Mas não é simples desvendar a parceria de Roberto e Erasmo Carlos. Se pensarmos, por exemplo, nos Beatles, quando o grupo se desfez, John Lennon e Paul McCartney trataram de revelar o que cada um fez. Assinaram juntos, mas nem sempre trabalharam juntos. Às vezes, totalmente separados. Outras vezes, nas diferenças, um apenas estimulado pelas "provocações" do parceiro. No caso de Roberto e Erasmo, quase nada se sabe, porque eles pouco disseram. Há quem defenda a tese, mas é apenas uma tese, de que a contribuição de Roberto é mais romântica, enquanto que a de Erasmo é mais voltada para o rock.
Limitar Erasmo Carlos à parceria com Roberto Carlos é injusto com a dimensão desse artista que acabamos de perder. Se não houvesse mais nada, a parceria já lhe garantiria um papel importantíssimo na história da música popular brasileira. Mas há muito mais. Há o Erasmo autor nos discos de Roberto e o Erasmo da sua própria discografia. Ele nos legou grandes discos e uma série de canções que fizeram muito sucesso e que passaram a ocupar lugar especial no coração de quem ama a música produzida no Brasil.
Erasmo foi uma das maiores encarnações do rock brasileiro. Talvez como Rita Lee e Raul Seixas. Quem sabe, até maior. Mas encarnar o rock com essa intensidade não era tudo para ele. Erasmo é de uma geração que foi fisgada pelo rock dos anos 1950 (Elvis, Berry, etc.), mas também houve a Bossa Nova na sua vida. Nele, como em Roberto, Caetano, Gil, Chico, Milton, é inegável que há muito da lição de João Gilberto. Imaginemos, então, que ele nunca deixou de ser um roqueiro com um pé na contenção da Bossa Nova.
Na Jovem Guarda, Erasmo Carlos está associado ao rock, às baladas românticas e a uma certa ingenuidade. Erasmo e sua fama de mau. Erasmo, o Tremendão. Finda a Jovem Guarda, ele ficou perdido em busca de novos caminhos. Encontrou, mas, no fundo, se ressentia de que nem todos o incorporavam à turma da chamada MPB, na qual sempre reivindicou espaço. Talvez nunca tenha resolvido esse dilema, a despeito de ter construído um cancioneiro muito diversificado, à altura dos grandes da nossa música popular.
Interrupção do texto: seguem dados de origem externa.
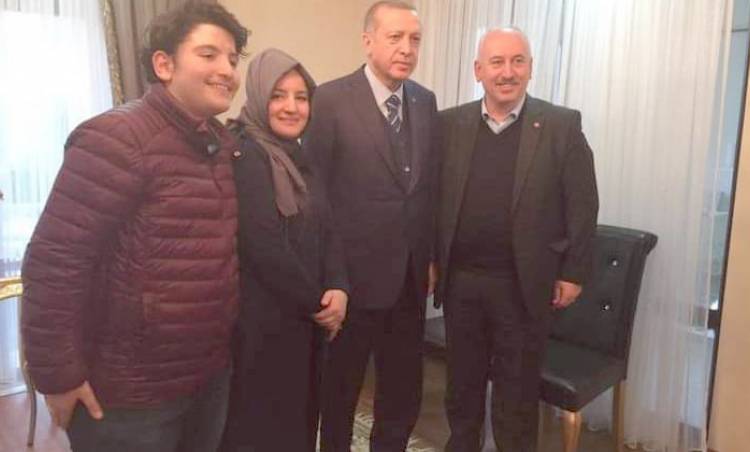 Cumhurbaşkanın Aile Dostunun Evine Gece Yarısı Polis Baskını
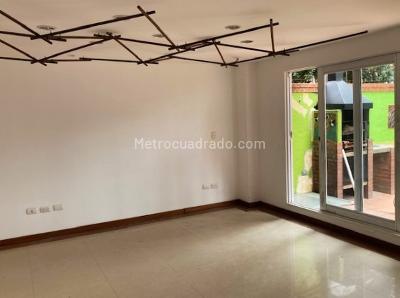 Casa de 5 alcobas en venta en Variante Chia, Chía, 350 m² · foto 9 de 20
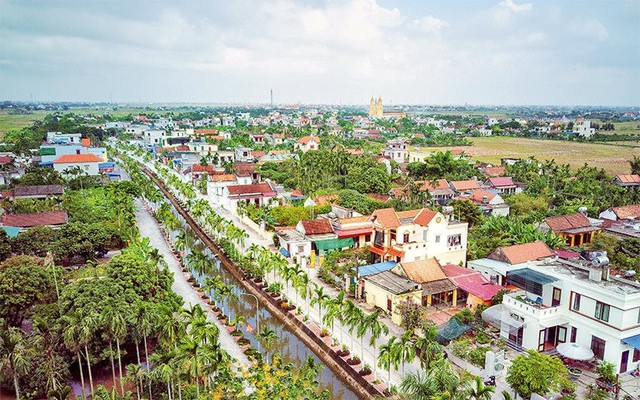 Nghiên cứu và đề xuất các mẫu kiến trúc nhà ở vùng nông thôn, trong đó tập trung vào các mẫu nhà có quy mô vừa và nhỏ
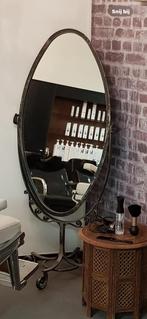 Ovale staande spiegel, Huis en Inrichting, Woonaccessoires | Spiegels, Ophalen of Verzenden, Zo goed als nieuw, 75 tot 100 cm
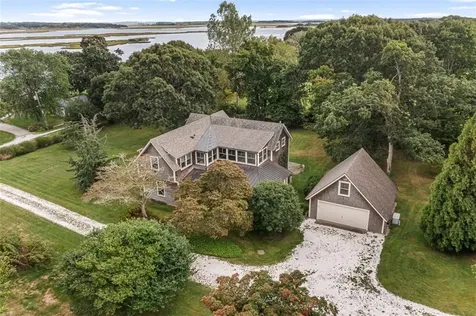 1702 Drift Road Westport MA 02790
Erasmo Carlos produziu seus melhores discos entre 1970 e 1981. De Erasmo e Os Tremendões (onde estão a balada Sentado à Beira do Caminho e o samba Coqueiro Verde) ao álbum Mulher, que começa com o hit homônimo. Fez sambas, baladas, rocks, gritou pela ecologia, homenageou as mulheres, cantou o amor. Por volta dos 70 anos, produziu uma vigorosa trilogia de álbuns só com canções inéditas (Rock'n' Roll, Sexo e GiganteGentil). Não merecia manter a fama de mau. Era amigo, solidário, afetuoso, uma doçura de ser humano. Continuava como o Tremendão. Ou o "amigo de fé, irmão camarada" cantado por Roberto Carlos. Ou, ainda, o gigante gentil - expressão tão apropriada à sua altura, mas também às qualidades do homem.